EXERCISE AIM ▸ Keep the images out while you set down the data exactly.

AVAILABLE DATA ▸
══════════════════════════════

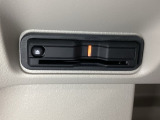ハンドルの左下にETCがついています。高速道路の料金所の通過も楽々です。カードの取り出しもしやすい場所についています。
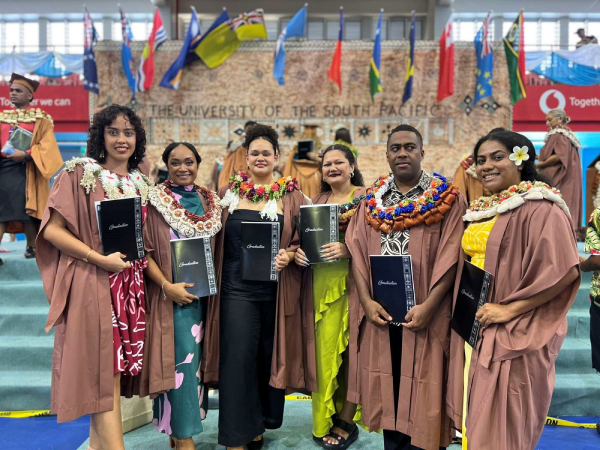 Some of the students who graduated last week. Photo: USP.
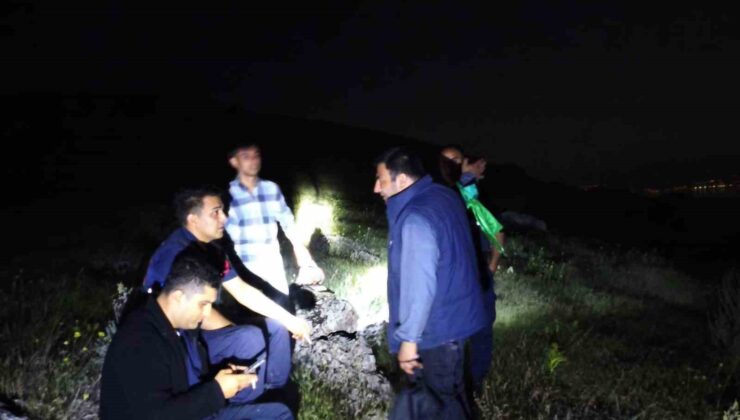 Dağlık alanda mahsur kalan baba ve oğlu kurtarıldı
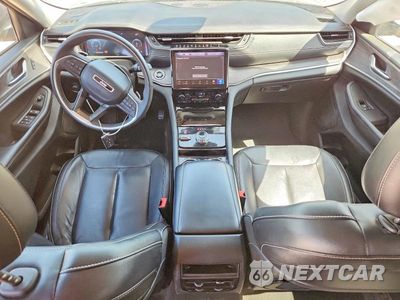 Zdjęcie 8 z 13 samochodu: 2023 JEEP GRAND CHEROKEE LIMITED VIN:1C4RJHBGXPC507297 - miniatura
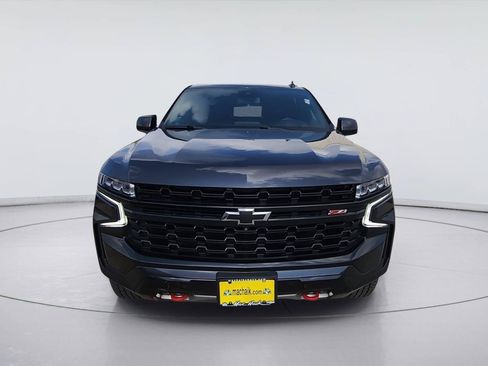 Used 2023 Chevrolet Suburban Z71 w/ Luxury Package AWD/4WD image 3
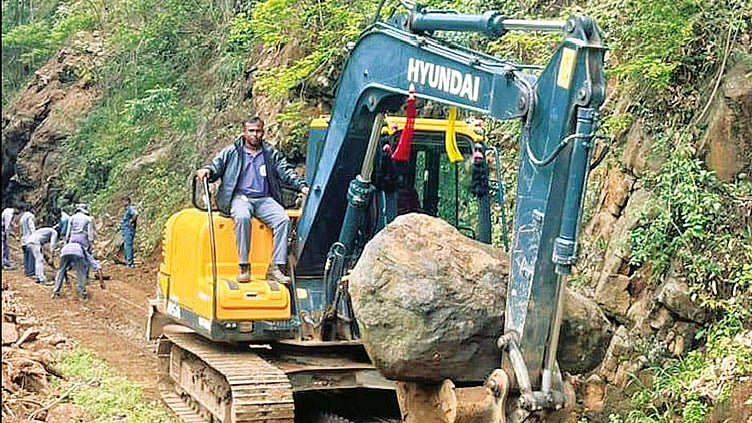 ஊட்டி மலை ரெயில் சேவை இன்று ரத்து, Ooty Hill Train Service Cancelled Today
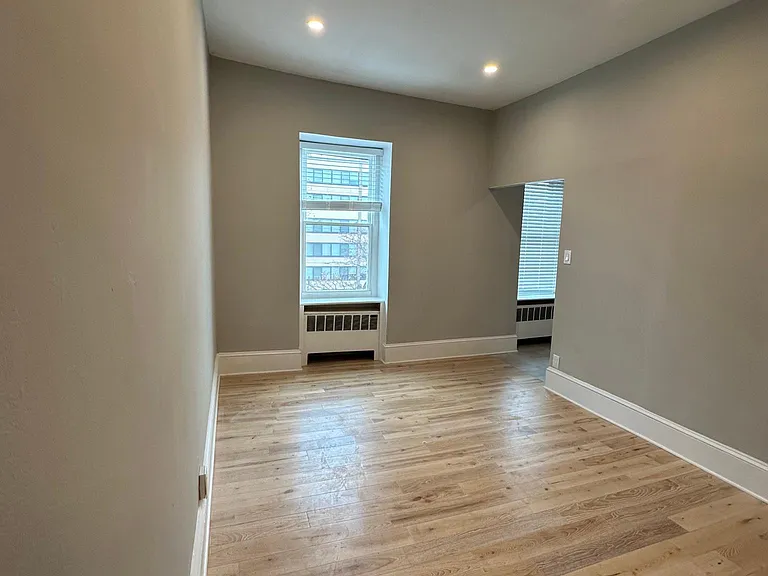 513 S 42nd St #3F — Photo 2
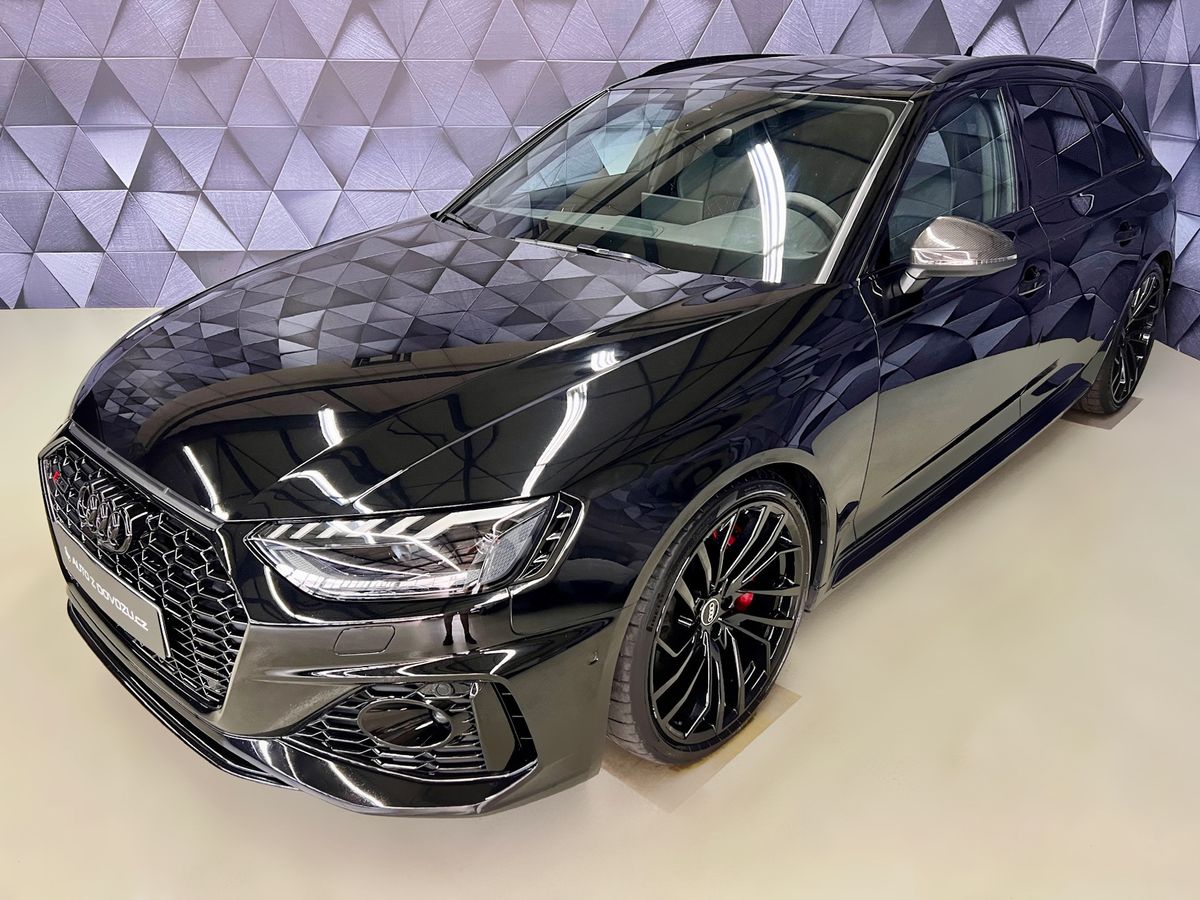 Audi RS 4 QUATTRO, BANG&OLUFSEN, MASÁŽE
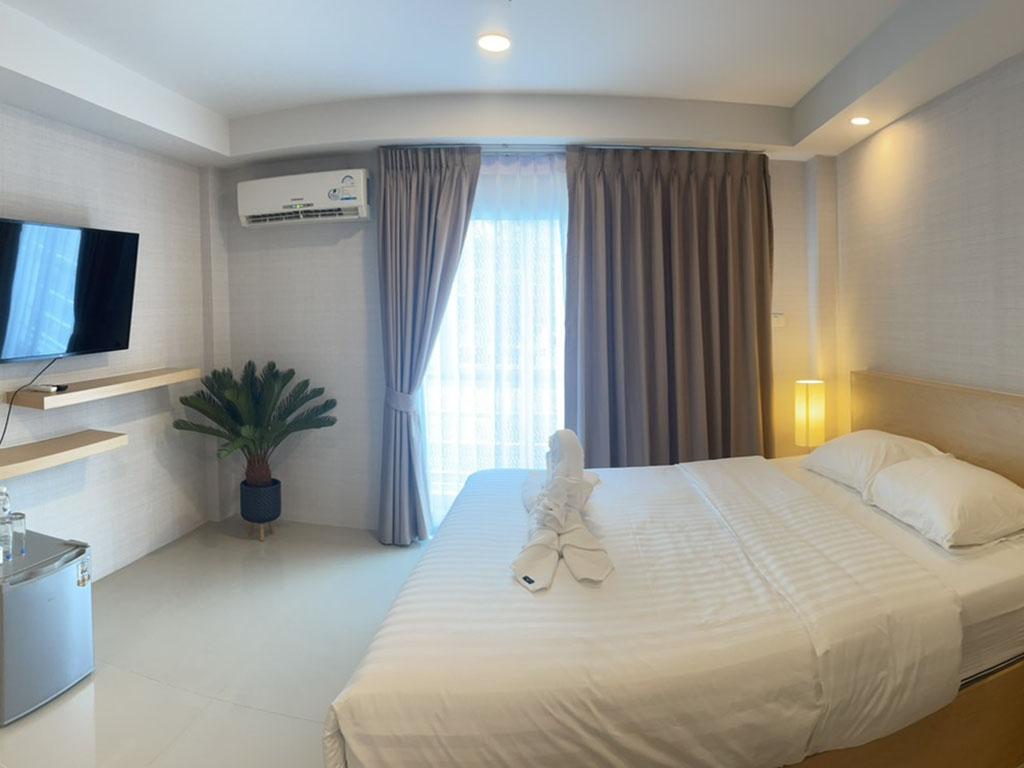 Hotel image Memori Hotel and Gallery Bangsaen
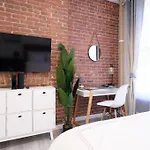 240-5 New Prime Location Studio W&D In Unit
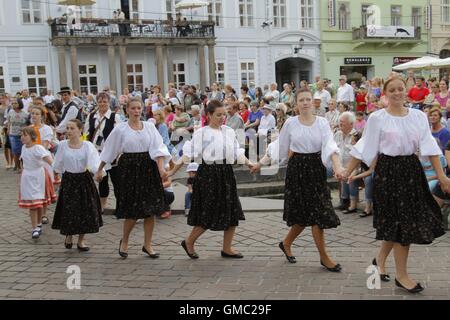 Tanzen in der historischen Mitte von Kosice während Cassovia Folkfest, Kosice, Slowakei Slowakische Folklore-Ensemble. Stockfoto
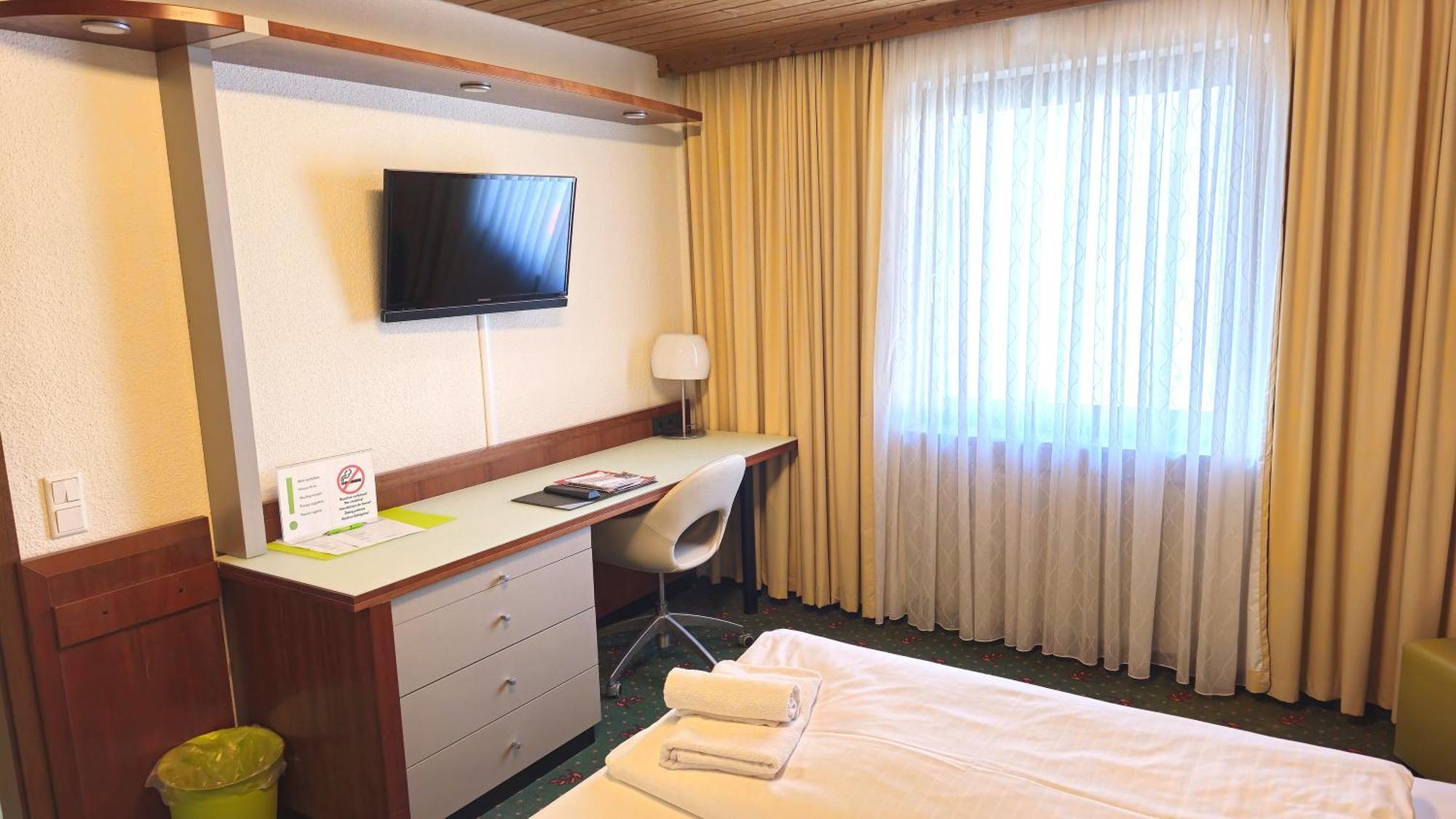 נירנברג Hotel Avenue Altenfurt מראה חיצוני תמונה
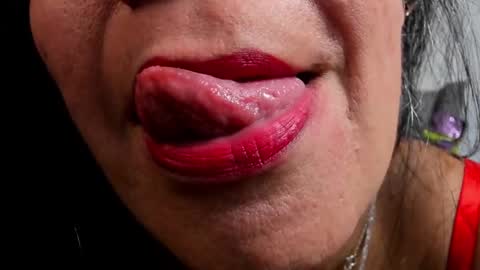 Lailacastillo online show from December 5, 10:44 am
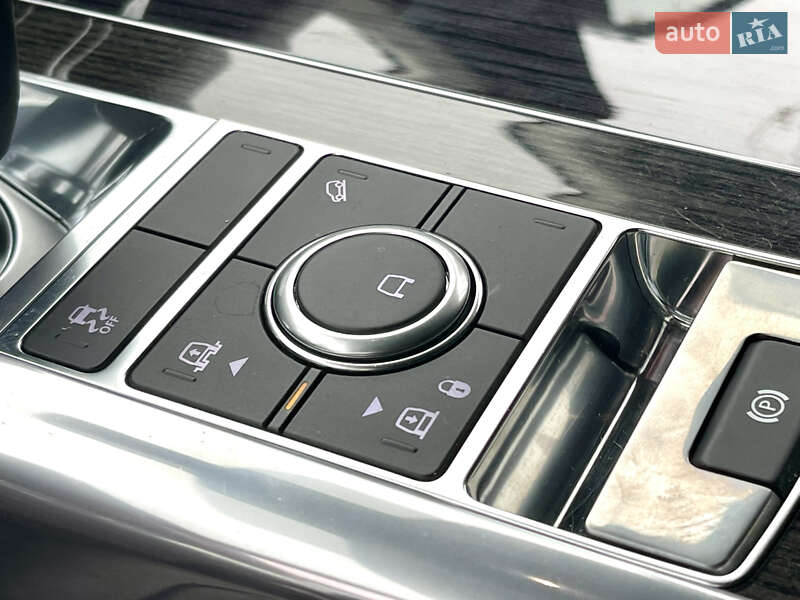 Внедорожник / Кроссовер Land Rover Range Rover Sport 2018 в Киеве фото 28 Внедорожник / Кроссовер Land Rover Range Rover Sport 2018 в Киеве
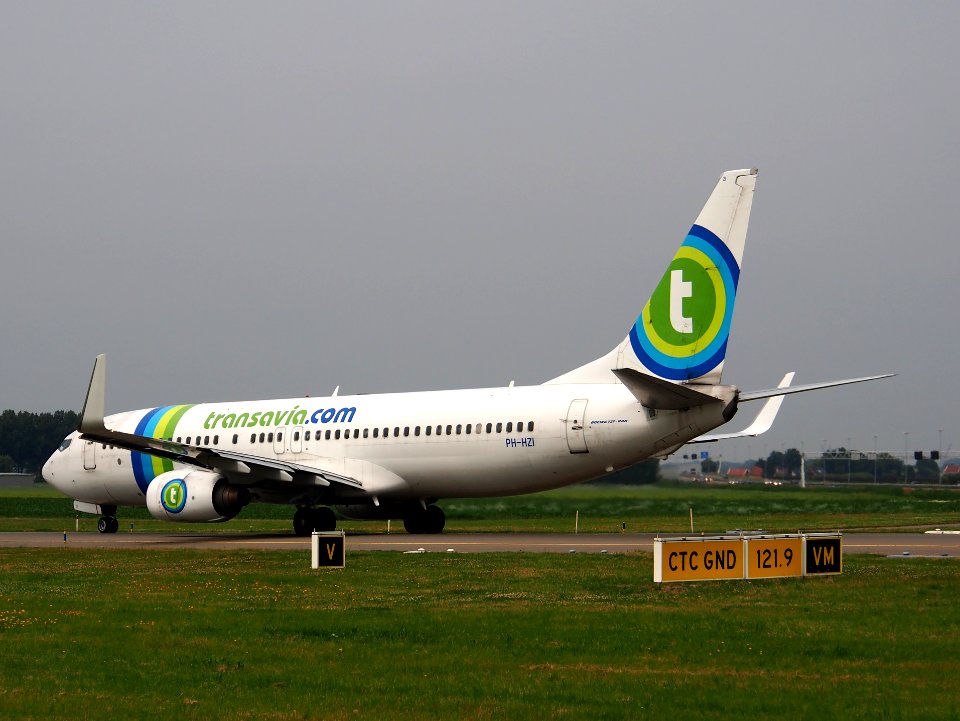 PH-HZI Transavia Boeing 737-8K2(WL) - cn 28380 taxiing 13july2013 pic5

══════════════════════════════

RESPONSE BELOW ▸
ハンドルの左下にETCがついています。高速道路の料金所の通過も楽々です。カードの取り出しもしやすい場所についています。
 Some of the students who graduated last week. Photo: USP.
 Dağlık alanda mahsur kalan baba ve oğlu kurtarıldı
 Zdjęcie 8 z 13 samochodu: 2023 JEEP GRAND CHEROKEE LIMITED VIN:1C4RJHBGXPC507297 - miniatura
 Used 2023 Chevrolet Suburban Z71 w/ Luxury Package AWD/4WD image 3
 ஊட்டி மலை ரெயில் சேவை இன்று ரத்து, Ooty Hill Train Service Cancelled Today
 513 S 42nd St #3F — Photo 2
 Audi RS 4 QUATTRO, BANG&OLUFSEN, MASÁŽE
 Hotel image Memori Hotel and Gallery Bangsaen
 240-5 New Prime Location Studio W&D In Unit
 Tanzen in der historischen Mitte von Kosice während Cassovia Folkfest, Kosice, Slowakei Slowakische Folklore-Ensemble. Stockfoto
 נירנברג Hotel Avenue Altenfurt מראה חיצוני תמונה
 Lailacastillo online show from December 5, 10:44 am
 Внедорожник / Кроссовер Land Rover Range Rover Sport 2018 в Киеве фото 28 Внедорожник / Кроссовер Land Rover Range Rover Sport 2018 в Киеве
 PH-HZI Transavia Boeing 737-8K2(WL) - cn 28380 taxiing 13july2013 pic5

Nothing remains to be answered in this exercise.